• **WORK ITEM**: Below this line is a listing that includes pictures. Copy exactly, and only, the lines from the one containing "Aラインプリーツスカート【大" through the one containing "Solar Submersible Pump With Controller 123M"; the pictures do not go in the copy.

• **SUPPLIED MATERIAL**:
--------------------

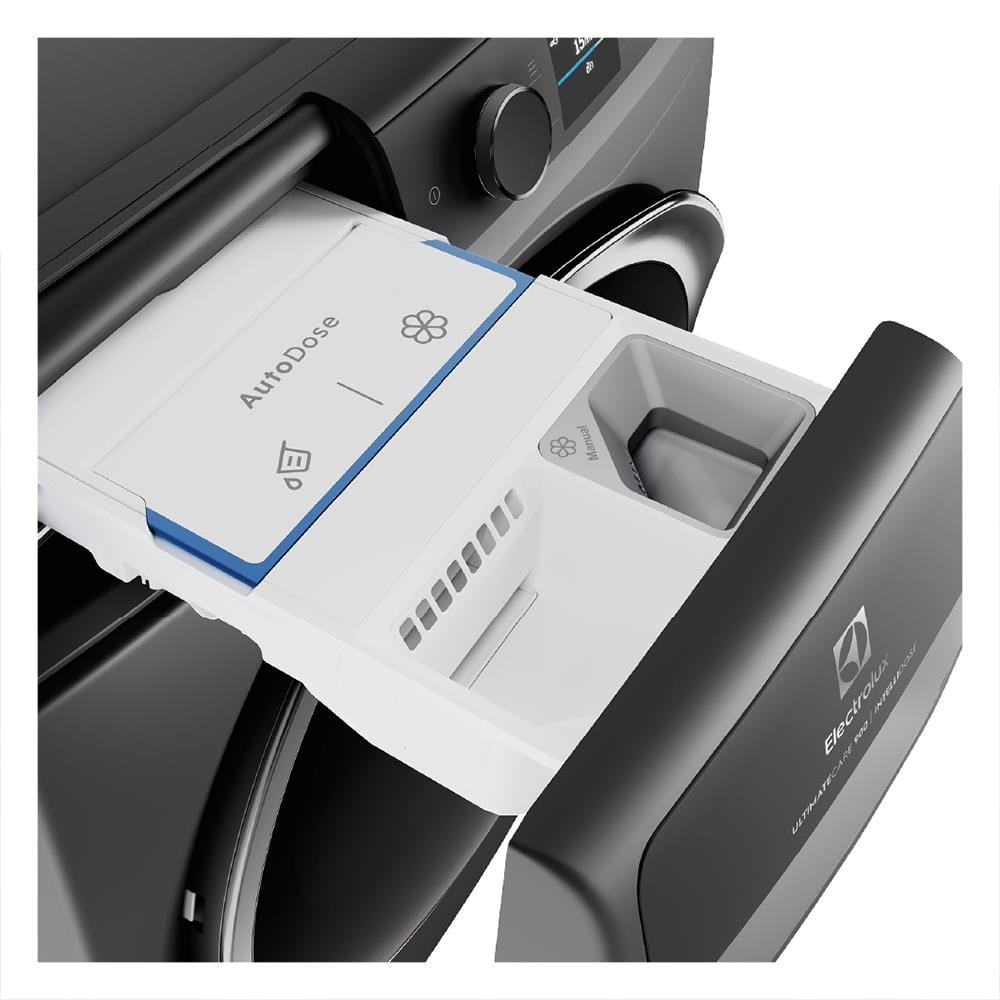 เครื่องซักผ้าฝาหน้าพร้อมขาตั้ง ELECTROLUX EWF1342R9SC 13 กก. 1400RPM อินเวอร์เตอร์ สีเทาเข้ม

--------------------

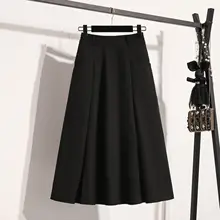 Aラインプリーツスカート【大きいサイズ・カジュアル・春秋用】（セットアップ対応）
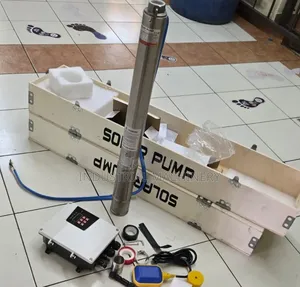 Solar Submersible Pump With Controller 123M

--------------------

• **TASK RESULT**:
 Aラインプリーツスカート【大きいサイズ・カジュアル・春秋用】（セットアップ対応）
 Solar Submersible Pump With Controller 123M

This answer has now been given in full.